Census Points to Continued Republican Strength
2:10 PM, Dec 20, 2010 • By JAY COST
Tomorrow's Census Bureau report on House district apportionment is set to be good news for the Republican Party:
This kind of growth is nothing new for the Sun Belt states, as the following chart suggests.
As the AP report indicates, a growing Sunbelt means a growing GOP coalition. How these House seats will actually divide between the parties remains to be seen, but if you re-run the 2004 presidential election -- which George W. Bush won with 286 electoral votes to John Kerry's 251 -- with the estimates, Bush would take 292 electoral votes to John Kerry's 245. Barack Obama won 365 electoral votes to John McCain's 173, but if you re-run the 2008 presidential election with the new apportionment estimates, Obama would have won 359 electors to McCain's 179. In other words, demographic shifts alone should net the GOP about as many presidential electoral votes as there are in Kansas.
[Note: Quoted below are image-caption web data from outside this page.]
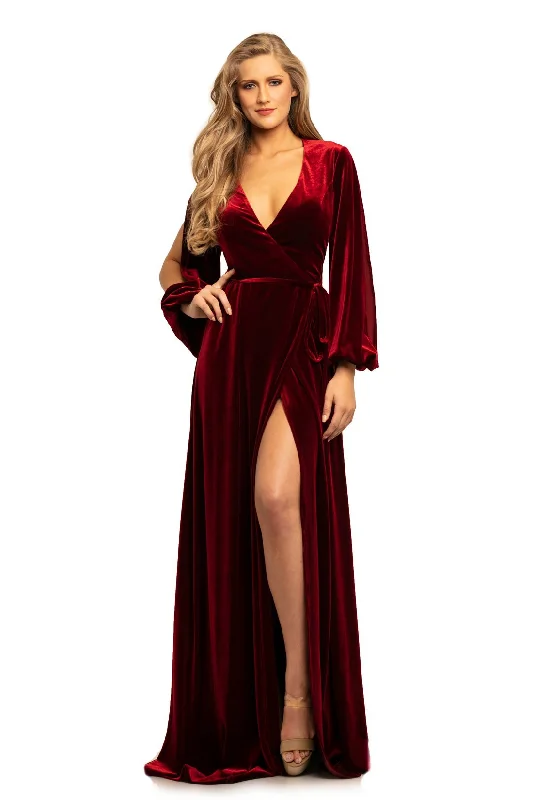 Johnathan Kayne - Velvet High Slit Wrap Evening Dress 9243SC Ruffled unclassified dresses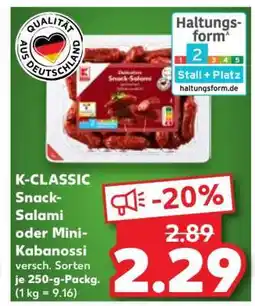 Kaufland K-CLASSIC Snack-Salami oder Mini-Kabanossi Angebot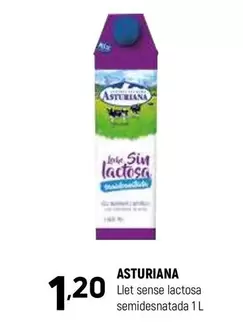 Oferta de La Asturiana - Llet Sense Lactosa Semidesnatada por 1,2€ en Coviran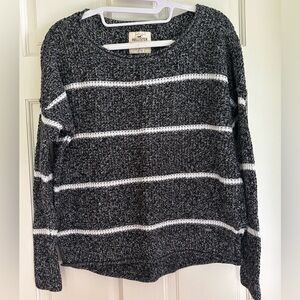 Hollister Black and White Crew Neck Sweater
How the Republican Party came to be the beneficiary of these demographic shifts is an interesting story that every conservative should know. Fifty-years-ago, Republicans surveyed the wreckage that was the Grand Old Party with despair. Richard Nixon had lost to John F. Kennedy that year, and it seemed to many that the party's only hope of victory was to run somebody with the credibility of Dwight Eisenhower. The Republican problem was one of simple electoral math. The party's historic heartland, the Northeast, had shifted decisively to the Democratic Party, forcing the party's old-line conservative establishment to move to the center, as the only way to win was to convince Northeastern Democrats to vote Republican. Lacking a candidate with the crossover appeal of Eisenhower, this seemed to be an impossible task. You can see the implications in the 1960 results. JFK's popular vote victory was narrow, but his Electoral College win was much broader. Nixon would have had to flip at least three states to carry the White House. Easier said than done!
This points to the original logic of the Barry Goldwater candidacy. The Kennedy coalition of Southern and Northeastern states was an unwieldy one -- these two regions have been set against one another since the earliest Federalist-Jeffersonian split -- and it seemed like the Republican Party could, in theory, take advantage. The thinking was that JFK would run for reelection in 1964, and the best shot the GOP had was a candidate who could appeal to Southern and Western voters over the Northeastern JFK.